Posted by: Engineer, 35, Female | March 8th, 2008 at 10:50 am | Report this commentI believe Robert Maxwell was on the board of various charities and made large donations using money belonging to the Daily Mirror pension fund. I wonder if those charities sent him sympathetic messages when the game was up - they certainly gave him a good funeral.
Posted by: michael | March 8th, 2008 at 11:29 am | Report this commentmichael,67,male,retired
The old adage “be nice to people on the way up as you may need them on the way down” may well appy to this man. If he has behaved well to people he will be treated sympatheticaly as long as his misfortunes are not due to malpractice.

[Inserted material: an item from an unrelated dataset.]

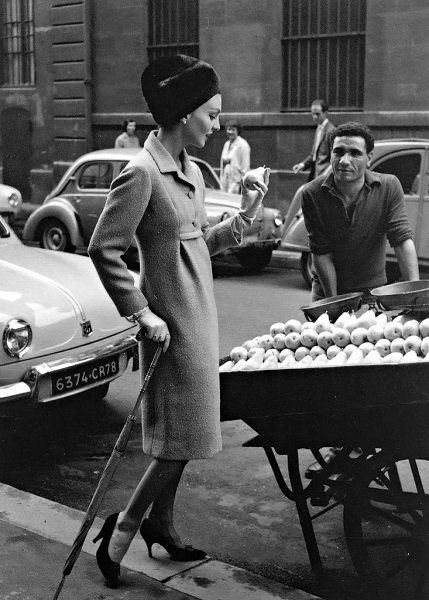 Modella Dior al mercato - Photo Willy Maywald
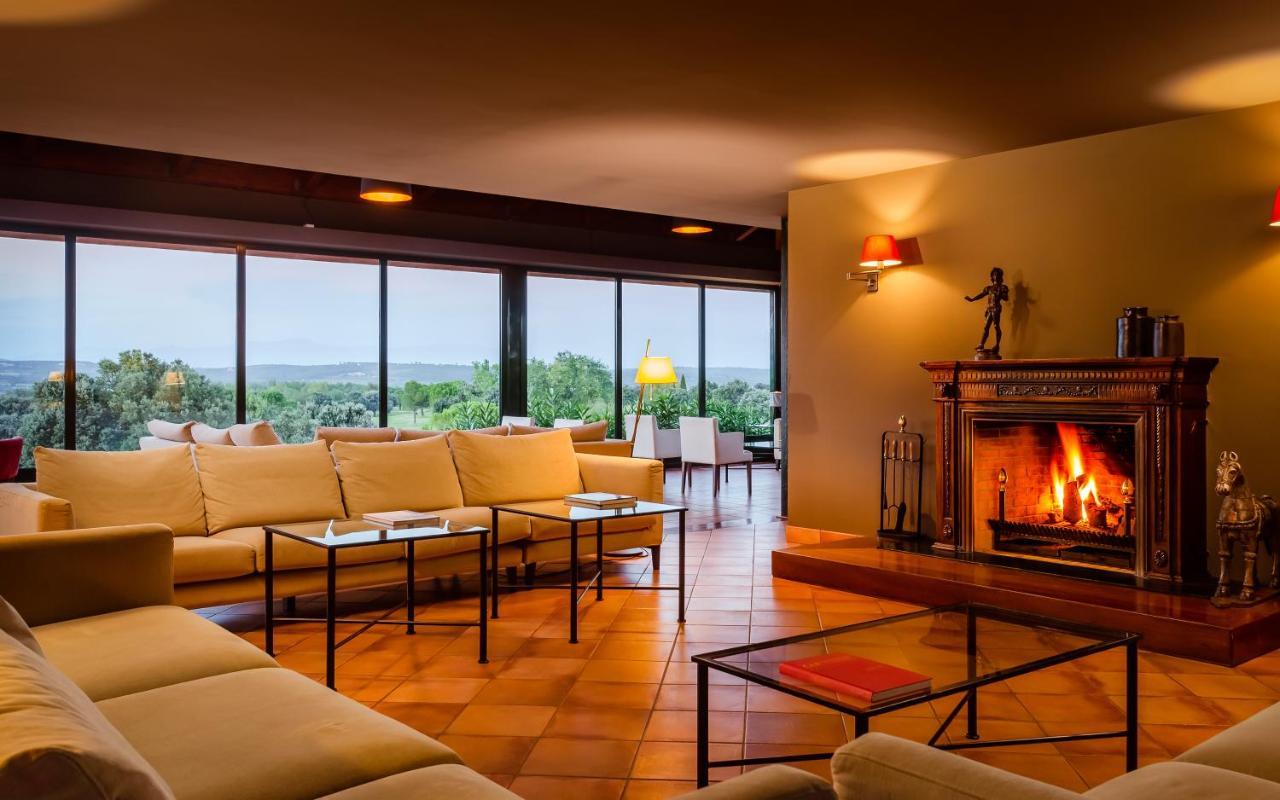 Hotel Torremirona Golf & Spa Navata Εξωτερικό φωτογραφία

Posted by: carole chapman | March 8th, 2008 at 11:57 am | Report this commentI agree with the above comments regarding separating the business from personal. It does not sound as though you run this committee. Have you talked to the committee chairperson? If there is any sort of a cloud hanging over this man , he should send his apologies until he is cleared and if he does not, the chairperson should have a word with him to this effect. If he has simplt been a victim of circumstance he will surely value a chance to help others even less fortunate. I fail to understand why you are intimidated by this man unless he is very unpleasnt in which case I fail to understand why you should want to send him a card.

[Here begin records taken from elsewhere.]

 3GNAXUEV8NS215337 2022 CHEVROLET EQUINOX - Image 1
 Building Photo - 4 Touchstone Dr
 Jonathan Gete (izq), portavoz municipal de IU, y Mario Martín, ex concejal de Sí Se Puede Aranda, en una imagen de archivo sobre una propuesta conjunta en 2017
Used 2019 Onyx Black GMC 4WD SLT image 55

Carole 62 female, charity chairman.
1 Have you any genuine concern for this man, as opposed to a mere fear of feeling bad about yourself if you don’t feign empathy?
2 Have the rest of us here any information indicating that he has in the past supplied your committee with funds stolen from his financial institution, or any to suggest that in future he shall be stealing charity funds to make up for losses in the latter?
Rest assured that you shall not ‘look bad’ if you politely refrain from feigning kindness.
And learn from this man’s experience–henceforth strive to limit your success, or at least limit media exposure in case of any failures. Lest you be met with the same schadenfreude which eight of the preceding fifteen comments have rained upon this man.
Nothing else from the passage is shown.